Most of my life has been spent leading people in these liturgical commemorations as a parish priest or as a Dean of a Seminary in Mexico City. Now, for the first time in my life, I will be an active participant in these events but with no leadership role to play. I get to share and live the most solemn and spiritually charged days of the Calendar year.
My hope during these two weeks is to share my insights and observations first and foremost as a way to keep track of the spiritual significance of these days for myself and secondly to try and go deeper into the meaning of the greatest of the Christian Paschal Mystery in the context of Monastic Celebration and Liturgical Prayer.
Alongside this experience I am reading a Book by the well known Theologian and Scripture Scholar John Crossan called Resurrecting Easter. I am hoping that the combination of study and reflection on the Paschal Mystery blended with two weeks of Monastic Living alongside others in Community will bring with it new ways of looking at our own experience of passion, death, burial and resurrection.
This time in my own spiritual journey marks a crossroads that many of us in this life will eventually experience….; retirement!
For maturing adults it is many times one of the most impacting and life changing events we will experience in a life time. It is a time when we begin to face close up our mortality and eventual death. It is a time of reconciling and giving an account to ourselves and our Creator of what we have done with our adult lives according to our resources and life circumstances. For many of us we have already lost at least one of our parents and countless Aunts and Uncles. We have probably lived through and survived more than one significant or committed relationship. We find ourselves putting everything on the scales of worth and value. We are also asking ourselves „now what?“. Is this where it ends? Or is this like the Resurrection the beginning of new life?

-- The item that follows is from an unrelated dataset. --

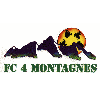 FC 4 Montagne/4 Mountains Football Club user picture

I think a Monastic Setting is as good of place as any to embark on this life changing journey. The life changing events of the last days of Jesus intersect with the many existential questions that come with maturity, aging, and finally death and dying. These are questions that we carry deep within us all the days of our life from the moment we realize suddenly that „we are not going to live forever.“. There are special moments in our life, frequently when we are going through any kind of life change or loss that these questions become personally meaningful.
It is my hope to share with the reader and myself a little bit of my own personal journey directed towards the overreaching meaning of the Paschal Mystery in the life of any human being. It is the monastic setting where all life is on an even plane. Everyone dresses the same. Only the Arch-Abbot carries a simple pectoral cross around his neck as a sign of his spiritual burden as prime pastor of his flock. Each monk is like all of us on a very solitary journey to God. No one can take our place, fill in the blanks, or answer the questions for us. It is a unique discovery that we each must walk as Monks, with the emphasis that the origin of the word speaks of „monos“, being ALONE. It is in our aloneness, our solitary duty, our solidarity with all humanity in their aloneness, where we discover that we are not alone, but that God walks beside us every step of this journey. Like the Monk, we walk alone but in Community. We are accompanied by other fellow sojourners and travelers who intersect with us and keep us company. They may be our family, important friends, coworkers or students who share common interests, or even members our our religious circles be they parish based or some other intentional community. Wherever we are on our journey, the example of Monastic living brings us back into ourselves and invites us on the most exiting journey of all, the journey „within“.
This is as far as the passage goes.